▸ How to complete this task
Below are entries; repeat exactly, and nothing else, the lines from the one holding "this 400×228 image." through the one holding "this 1440×810 image.", inclusive. Leave the pictures out.

▸ Material for the task
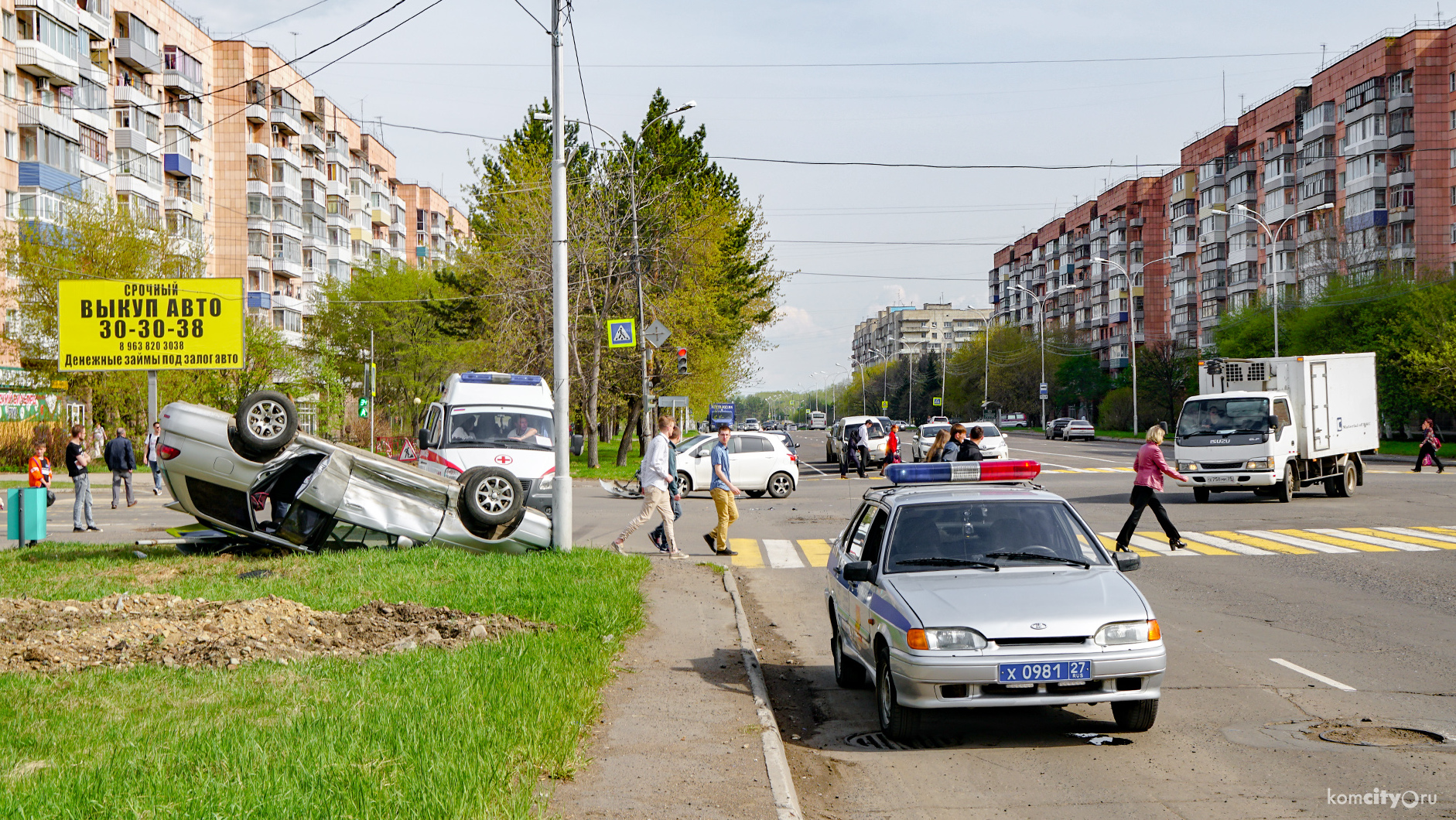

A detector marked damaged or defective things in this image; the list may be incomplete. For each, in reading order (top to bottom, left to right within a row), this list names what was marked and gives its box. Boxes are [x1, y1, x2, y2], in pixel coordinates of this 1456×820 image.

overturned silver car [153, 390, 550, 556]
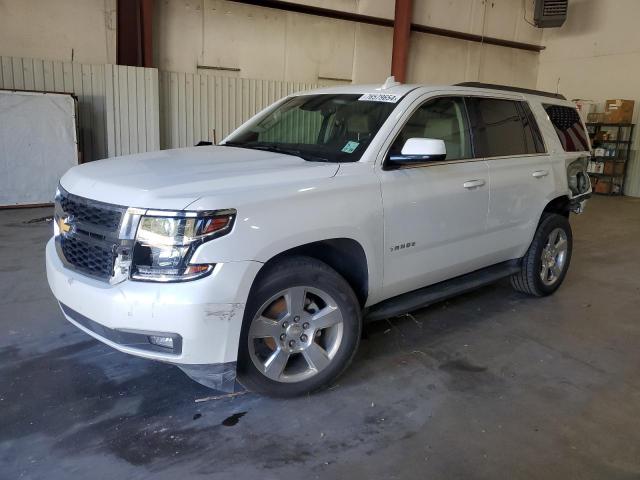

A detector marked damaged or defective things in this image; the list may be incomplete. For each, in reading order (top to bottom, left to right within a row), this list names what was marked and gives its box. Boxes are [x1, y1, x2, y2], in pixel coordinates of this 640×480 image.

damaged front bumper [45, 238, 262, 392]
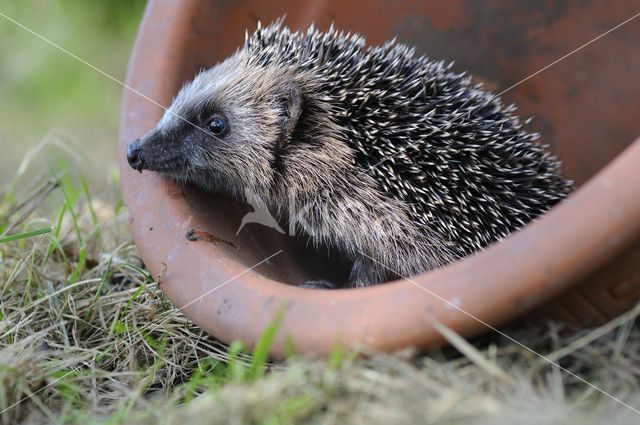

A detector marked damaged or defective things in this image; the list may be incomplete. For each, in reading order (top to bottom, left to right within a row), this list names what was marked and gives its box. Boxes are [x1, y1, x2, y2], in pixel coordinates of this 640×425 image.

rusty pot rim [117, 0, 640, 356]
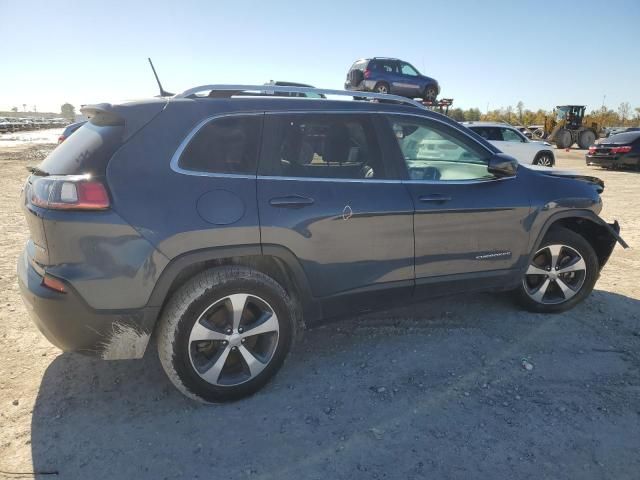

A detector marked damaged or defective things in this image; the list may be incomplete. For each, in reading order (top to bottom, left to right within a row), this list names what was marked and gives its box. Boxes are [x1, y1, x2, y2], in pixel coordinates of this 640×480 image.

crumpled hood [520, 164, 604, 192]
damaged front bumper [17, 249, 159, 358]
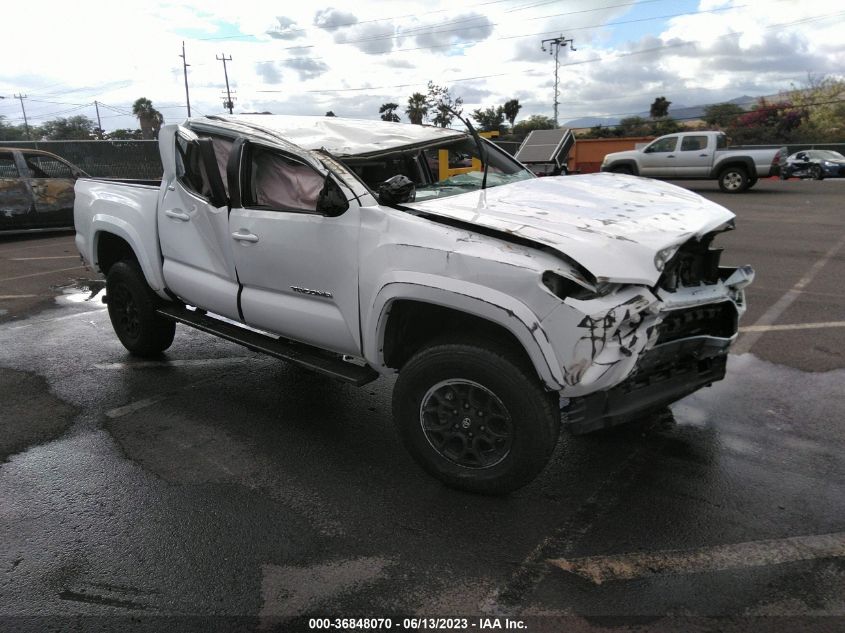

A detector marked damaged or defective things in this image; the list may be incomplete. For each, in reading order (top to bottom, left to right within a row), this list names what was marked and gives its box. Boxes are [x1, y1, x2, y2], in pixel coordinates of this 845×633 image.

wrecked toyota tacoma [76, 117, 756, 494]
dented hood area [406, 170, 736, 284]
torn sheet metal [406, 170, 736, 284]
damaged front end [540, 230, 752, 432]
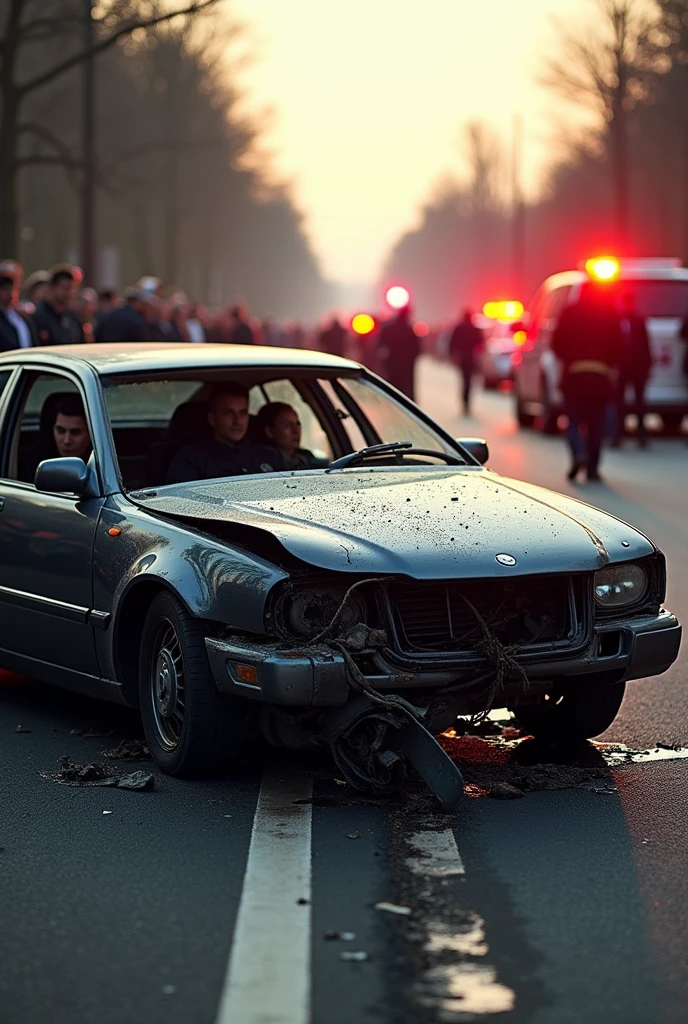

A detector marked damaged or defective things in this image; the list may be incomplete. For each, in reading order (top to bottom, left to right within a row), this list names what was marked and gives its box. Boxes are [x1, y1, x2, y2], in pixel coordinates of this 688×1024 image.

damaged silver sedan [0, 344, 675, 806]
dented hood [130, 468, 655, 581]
* * *
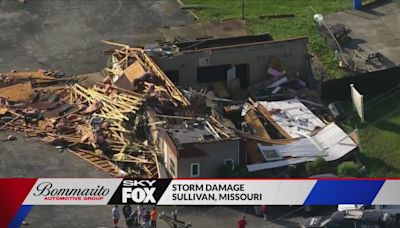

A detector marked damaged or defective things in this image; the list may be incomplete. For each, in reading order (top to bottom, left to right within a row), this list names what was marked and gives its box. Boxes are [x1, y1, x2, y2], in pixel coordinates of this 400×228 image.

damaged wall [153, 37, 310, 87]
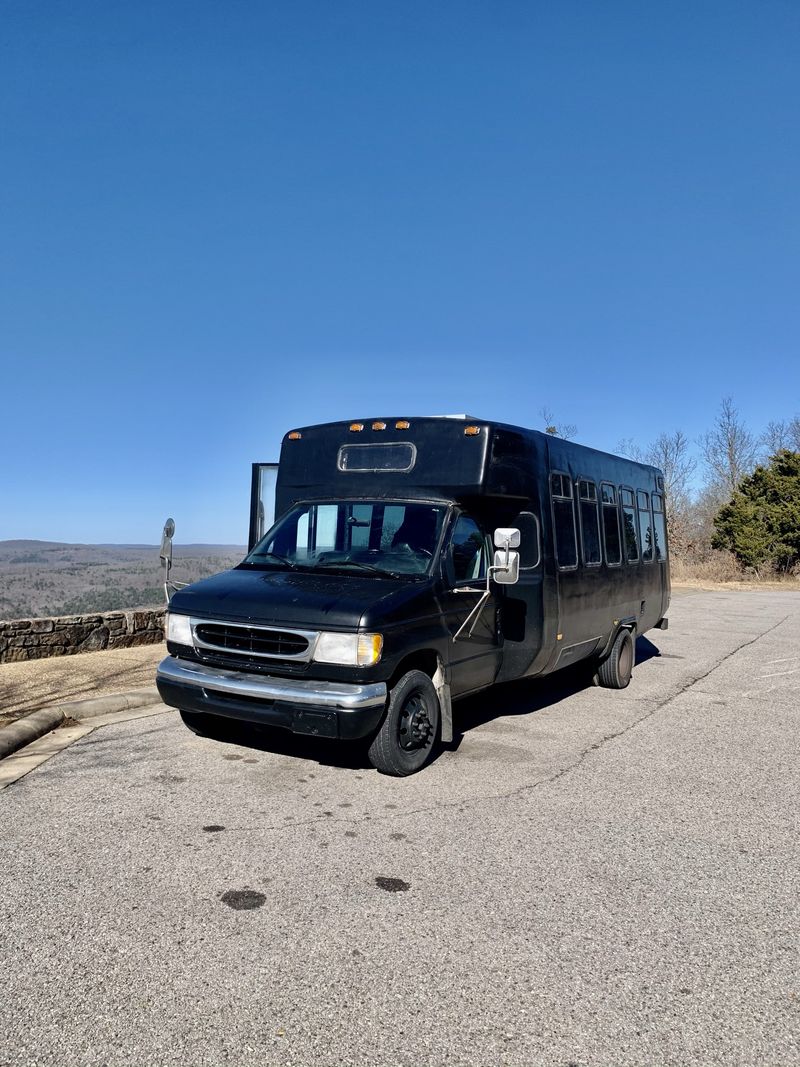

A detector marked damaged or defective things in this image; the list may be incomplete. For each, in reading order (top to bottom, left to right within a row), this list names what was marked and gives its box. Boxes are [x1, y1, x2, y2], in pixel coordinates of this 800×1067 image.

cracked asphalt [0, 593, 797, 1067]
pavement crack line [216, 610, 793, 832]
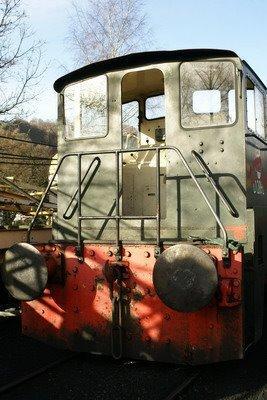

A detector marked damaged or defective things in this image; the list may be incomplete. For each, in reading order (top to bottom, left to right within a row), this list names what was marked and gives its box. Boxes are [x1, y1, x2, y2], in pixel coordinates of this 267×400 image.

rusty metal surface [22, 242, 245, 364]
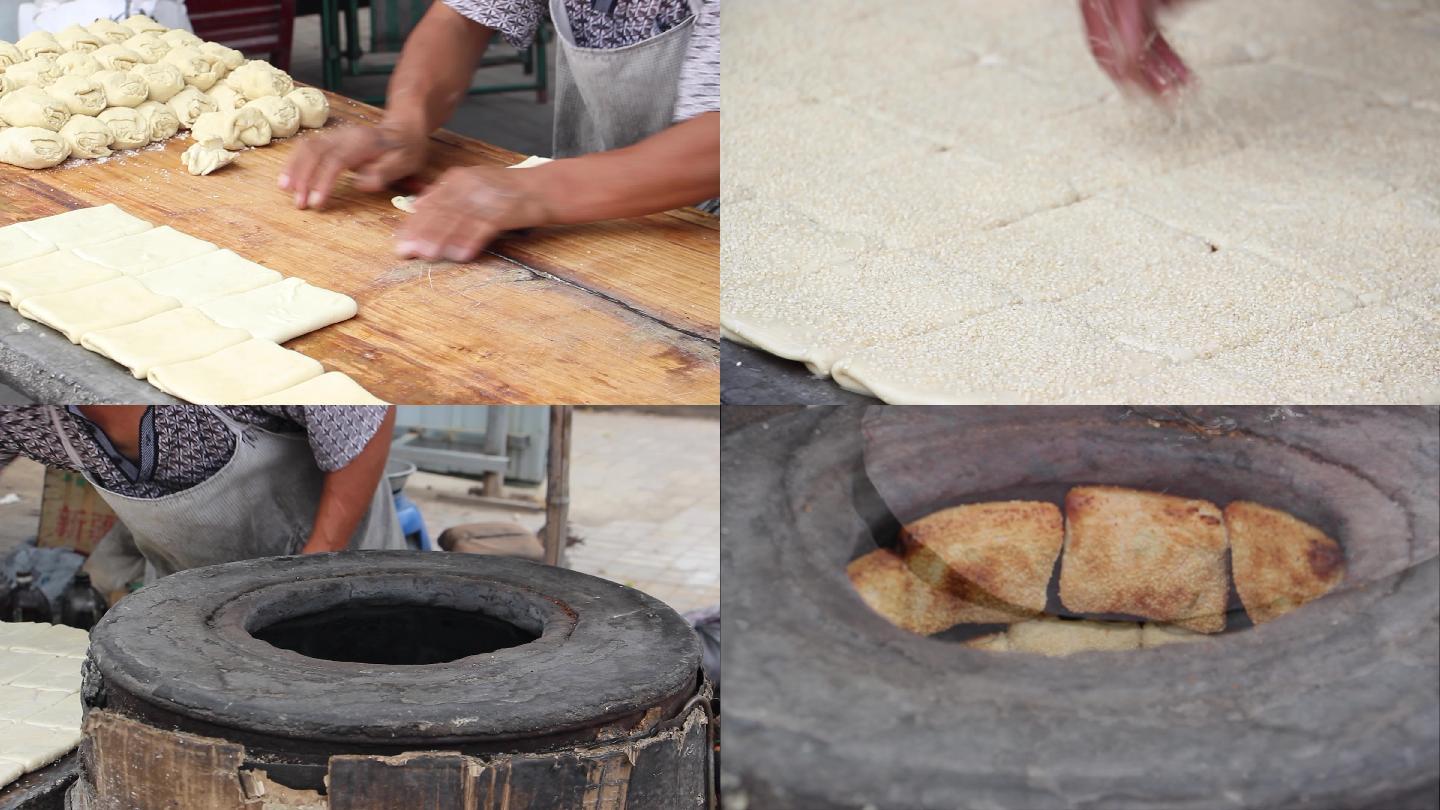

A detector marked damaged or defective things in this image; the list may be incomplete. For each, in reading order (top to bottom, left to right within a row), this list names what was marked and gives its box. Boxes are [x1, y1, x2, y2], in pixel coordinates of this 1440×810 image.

▸ Task response
A detector marked damaged or defective things in this image; the list may be incomplete. For each, in reading order (top to bottom, left to right within a row), this list names what was marked and gives its box. Boxes are [x1, y1, x2, y2], in pixel coordinates of this 400×228 image.

damaged wall [153, 37, 310, 87]

A detector marked damaged or defective things in this image; the list may be incomplete. For each, in reading order (top to bottom, left to right within a row), this list names what was marked and gives its box. Boxes are [x1, y1, x2, y2], in pixel coordinates of this 800×1067 image.

cracked asphalt [0, 593, 797, 1067]
pavement crack line [216, 610, 793, 832]

A detector marked damaged or defective things in this image; the list may be incomplete. For each, in reading order (top to bottom, left to right within a row), this list names what was marked and gives its box. Boxes are [x1, y1, x2, y2], in pixel coordinates of this 267×400 image.

rusty metal surface [22, 242, 245, 364]

A detector marked damaged or defective things in this image; the list may be incomplete. For each, in reading order (top to bottom, left to right within a row), this list names what was marked and gives its box. Boxes are [x1, y1, x2, y2], in pixel coordinates of this 1440×810 image.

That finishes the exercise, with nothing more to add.